Amarrado por bonecas
Quando ele explica sua trágica experiência, Nasser Abdul
Kader sorri. Como um mecanismo de defesa, como uma válvula de escape para
não entrar em colapso. Ninguém comprou Nasser. O homem que o
escravizou, roubou.
Como quase todo mundo, ele chegou à Líbia com a promessa
de chegar à Itália em quatro dias. Ele deixou Agadez, onde ele nasceu, e
após a viagem, foi abandonado nas ruas de Sabha, sem dinheiro ou documentos,
juntamente com seis outros imigrantes. "Fomos a um lugar onde os
homens vinham buscar trabalhadores para um único dia. Toda vez que um
deles aparecia, os meninos corriam para pegá-los.
No terceiro dia, Nasser e outro rapaz saíram com um cara
que precisava de mão de obra. "Ele nos levou a uma fazenda de aves,
cheia de galinhas. Ele nos mostrou a fazenda e nos disse que o nosso
trabalho era alimentar as galinhas e mantê-las acordadas à noite ”. Nasser
faz careta com incompreensão e encolhe os ombros. "No dia seguinte,
ele nos apresentou a dois homens armados, muito fortes e nos disseram que
estavam encarregados da segurança da fazenda."

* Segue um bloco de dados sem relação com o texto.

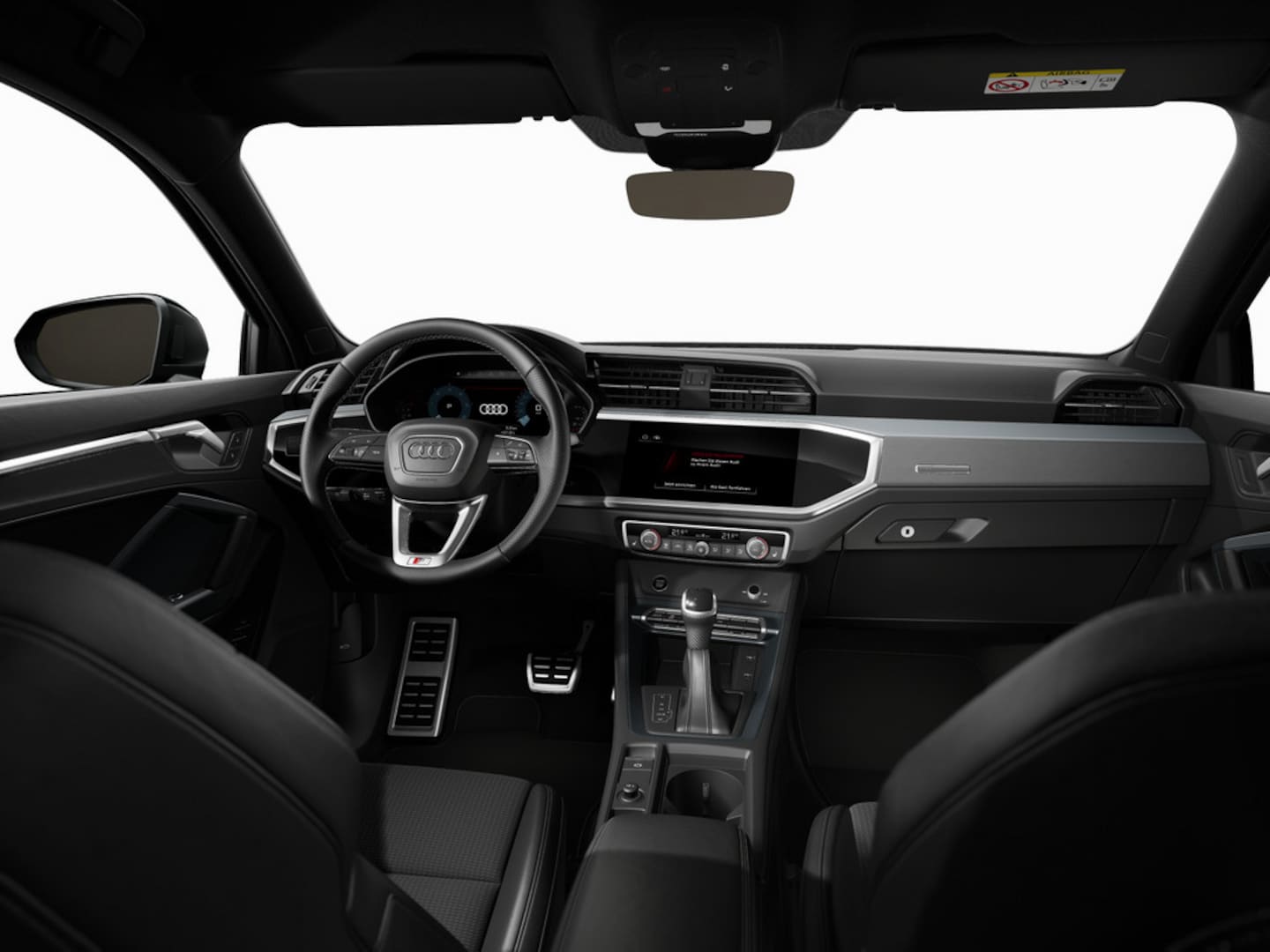 Bild über Audi Q3 Sportback S line 35 TDI S tronic - für weitere Informationen kontaktieren Sie den Audi Partner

Nasser passou um mês e dez dias descarregando sacos de
ração, alimentando galinhas e mantendo-as acordadas à noite. Tudo mudou
quando Nasser perguntou a um dos seguranças quando eles seriam
pagos. "Ele olhou para mim, levantou o dedo assim" -Nasser
endireita o dedo indicador, num gesto de alerta- "e preste atenção: neste
lugar os salários não são pagos". Fiquei com medo, mas no dia
seguinte, com raiva, nos recusamos a descarregar o camião.
Desde aquele dia, os dois meninos tiveram que trabalhar um
amarrado ao outro. "Com uma corrente de cerca de dois metros,
amarrada com muita força aos pulsos. E a partir daí eles nos atingiram com
um cabo enquanto trabalhávamos. Lá eu me tornei um escravo ".
Nasser e seu parceiro só foram desatados quando voltaram
para o quarto para dormir. "Ninguém sabia onde estávamos, não
tínhamos dinheiro, nem documentos, nem contato com o exterior. Foi como
estar morto ". A tragédia durou cinco meses, até que Nasser conseguiu
fugir da fazenda uma manhã em que os dois seguranças adormeceram por álcool.
"Eu digo aos caras que querem ir para a Europa: não
faça isso. Não vás. Você vai morrer ou você será um escravo. E
eu conto a minha história. " E eles te escutam? "Não
nenhum. Eles sempre respondem da mesma forma: não tenho escolha ".